OLS coefficients of regressions of fitted values and residuals on the original regressors

Question

Let $\gamma$ and $\delta$ denote $K\times 1$ vectors of parameters in models $\hat{Y} = X\gamma+\eta$ and $\hat{\epsilon} = X\delta+\psi$, where $\eta$ and $\psi$ and $n\times 1$ vectors of error terms.
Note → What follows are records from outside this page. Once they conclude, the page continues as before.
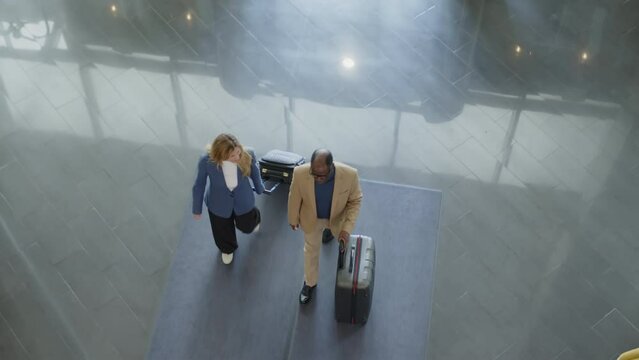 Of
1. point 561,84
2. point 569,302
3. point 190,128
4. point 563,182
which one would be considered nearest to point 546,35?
point 561,84

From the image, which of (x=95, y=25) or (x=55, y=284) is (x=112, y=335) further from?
(x=95, y=25)

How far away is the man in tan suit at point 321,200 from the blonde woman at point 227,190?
1.60 feet

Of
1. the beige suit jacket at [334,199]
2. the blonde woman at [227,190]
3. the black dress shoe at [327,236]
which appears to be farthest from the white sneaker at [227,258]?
the beige suit jacket at [334,199]

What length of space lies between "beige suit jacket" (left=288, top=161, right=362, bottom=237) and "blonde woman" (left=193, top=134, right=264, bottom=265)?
0.48m

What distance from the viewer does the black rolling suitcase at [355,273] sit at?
5207 millimetres

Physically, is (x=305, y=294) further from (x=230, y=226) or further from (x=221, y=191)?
(x=221, y=191)

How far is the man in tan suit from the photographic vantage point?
15.6 feet

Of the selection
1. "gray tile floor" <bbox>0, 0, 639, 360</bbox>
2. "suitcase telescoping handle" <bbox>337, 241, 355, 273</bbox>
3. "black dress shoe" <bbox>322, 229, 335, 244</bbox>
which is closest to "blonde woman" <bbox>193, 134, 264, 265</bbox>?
"black dress shoe" <bbox>322, 229, 335, 244</bbox>

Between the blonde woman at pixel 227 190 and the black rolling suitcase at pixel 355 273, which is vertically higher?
the blonde woman at pixel 227 190

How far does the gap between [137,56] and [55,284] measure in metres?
2.91

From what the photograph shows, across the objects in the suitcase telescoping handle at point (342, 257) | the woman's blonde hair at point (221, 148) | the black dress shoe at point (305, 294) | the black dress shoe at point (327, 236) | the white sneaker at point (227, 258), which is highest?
the woman's blonde hair at point (221, 148)

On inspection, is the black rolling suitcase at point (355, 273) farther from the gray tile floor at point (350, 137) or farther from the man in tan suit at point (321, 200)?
the gray tile floor at point (350, 137)

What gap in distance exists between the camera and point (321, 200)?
16.9ft

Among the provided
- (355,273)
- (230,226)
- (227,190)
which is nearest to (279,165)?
(230,226) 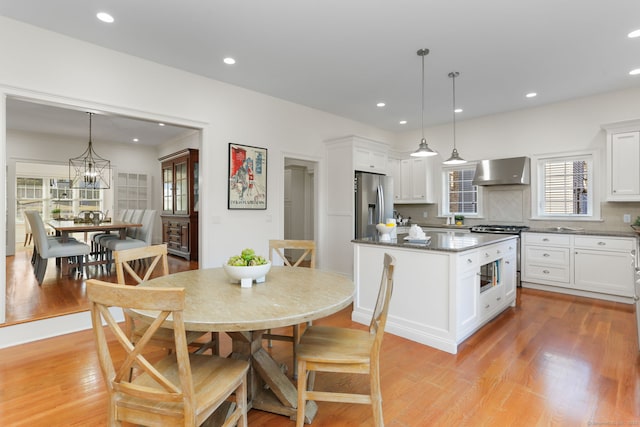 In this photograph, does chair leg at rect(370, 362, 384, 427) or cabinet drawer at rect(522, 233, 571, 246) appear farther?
cabinet drawer at rect(522, 233, 571, 246)

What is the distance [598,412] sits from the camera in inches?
74.8

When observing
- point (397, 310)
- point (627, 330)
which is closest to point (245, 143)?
point (397, 310)

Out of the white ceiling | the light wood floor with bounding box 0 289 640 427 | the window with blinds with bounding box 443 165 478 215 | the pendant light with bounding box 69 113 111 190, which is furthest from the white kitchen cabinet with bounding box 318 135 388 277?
the pendant light with bounding box 69 113 111 190

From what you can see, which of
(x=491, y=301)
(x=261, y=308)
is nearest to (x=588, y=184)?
(x=491, y=301)

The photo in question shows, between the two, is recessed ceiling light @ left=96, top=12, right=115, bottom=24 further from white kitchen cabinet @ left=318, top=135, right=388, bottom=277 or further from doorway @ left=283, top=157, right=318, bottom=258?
doorway @ left=283, top=157, right=318, bottom=258

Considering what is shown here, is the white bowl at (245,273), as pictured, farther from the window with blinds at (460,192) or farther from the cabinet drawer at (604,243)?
the window with blinds at (460,192)

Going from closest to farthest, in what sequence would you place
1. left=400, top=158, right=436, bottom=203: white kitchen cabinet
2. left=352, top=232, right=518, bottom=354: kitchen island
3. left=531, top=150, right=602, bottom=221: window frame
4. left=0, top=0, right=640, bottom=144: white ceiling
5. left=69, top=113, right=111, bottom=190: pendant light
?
1. left=0, top=0, right=640, bottom=144: white ceiling
2. left=352, top=232, right=518, bottom=354: kitchen island
3. left=531, top=150, right=602, bottom=221: window frame
4. left=400, top=158, right=436, bottom=203: white kitchen cabinet
5. left=69, top=113, right=111, bottom=190: pendant light

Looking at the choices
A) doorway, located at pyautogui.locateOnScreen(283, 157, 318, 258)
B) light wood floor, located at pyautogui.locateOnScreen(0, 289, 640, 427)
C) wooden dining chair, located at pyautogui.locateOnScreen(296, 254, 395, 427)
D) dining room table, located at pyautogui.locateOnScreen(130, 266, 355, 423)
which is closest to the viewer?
dining room table, located at pyautogui.locateOnScreen(130, 266, 355, 423)

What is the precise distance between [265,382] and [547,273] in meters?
4.56

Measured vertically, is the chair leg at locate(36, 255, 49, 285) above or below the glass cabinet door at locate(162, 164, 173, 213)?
below

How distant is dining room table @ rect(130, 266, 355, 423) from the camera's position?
4.53ft

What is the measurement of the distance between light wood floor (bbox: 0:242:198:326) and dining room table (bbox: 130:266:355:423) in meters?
1.98

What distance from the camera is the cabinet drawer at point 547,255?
450cm

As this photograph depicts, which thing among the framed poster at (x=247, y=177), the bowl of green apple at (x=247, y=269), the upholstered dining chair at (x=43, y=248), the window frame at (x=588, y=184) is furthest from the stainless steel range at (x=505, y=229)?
the upholstered dining chair at (x=43, y=248)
Show that the OLS estimators of $\gamma$ and $\delta$ are, \begin{align} \hat{\gamma} &= \hat{\beta}; \\ \hat{\delta} &= 0_{K\times1}; \end{align}

The definitions of $\hat{Y}$ and $\hat{\epsilon}$ are \begin{align} \hat{Y} &=X\hat{\beta} \\ \hat{\epsilon} &= Y-\hat{Y}. \end{align}

I understand that we can show the first one by the following,

$$\hat{\gamma} =(X'X)^{-1}X'\hat{Y} = \hat{\beta}$$

But I'm unable to show the second expression, any guidance or help would be highly appreciated.

Answer 1

The residuals $\hat{\epsilon}= Y-\hat{Y}$ can be written as $\hat{\epsilon}=MY$, where $M=I-X(X'X)^{-1}X'$ is the so-called "residual-maker matrix". Hence, using the OLS formula, we have $$ \hat\delta=(X'X)^{-1}X'MY $$ Thanks to symmetry of $M$, we have $X'M=X'M'=(MX)'$. Now, it is well-known that $$ MX=(I-X(X'X)^{-1}X')X=X-X(X'X)^{-1}X'X=X-X=0, $$ so that $\hat\delta=0$, too.

The result makes intuitive sense, too: the residuals $\hat\epsilon$ are what you cannot explain by $X$. If you regress that on $X$ again to get $\hat\delta$, a zero effect makes sense.